- What to produce: Range to output from the entries below: the line containing "fMRI and MRI" through the line containing "Smile Makeover". Set it down exactly, ends included, nothing else.

---------- Task material ----------

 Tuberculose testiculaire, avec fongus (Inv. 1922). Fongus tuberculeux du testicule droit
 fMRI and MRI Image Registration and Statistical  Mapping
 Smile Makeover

----------
---------- Task material ----------

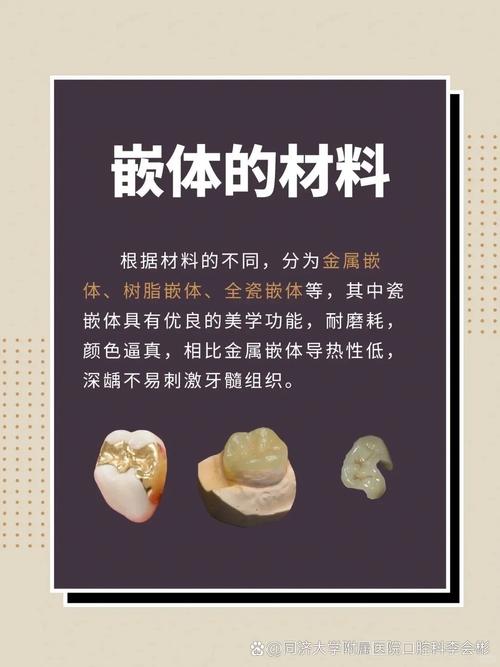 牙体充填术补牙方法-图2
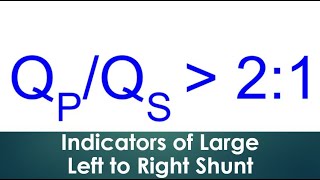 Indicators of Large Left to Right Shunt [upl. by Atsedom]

----------

- Task solution:
 fMRI and MRI Image Registration and Statistical  Mapping
 Smile Makeover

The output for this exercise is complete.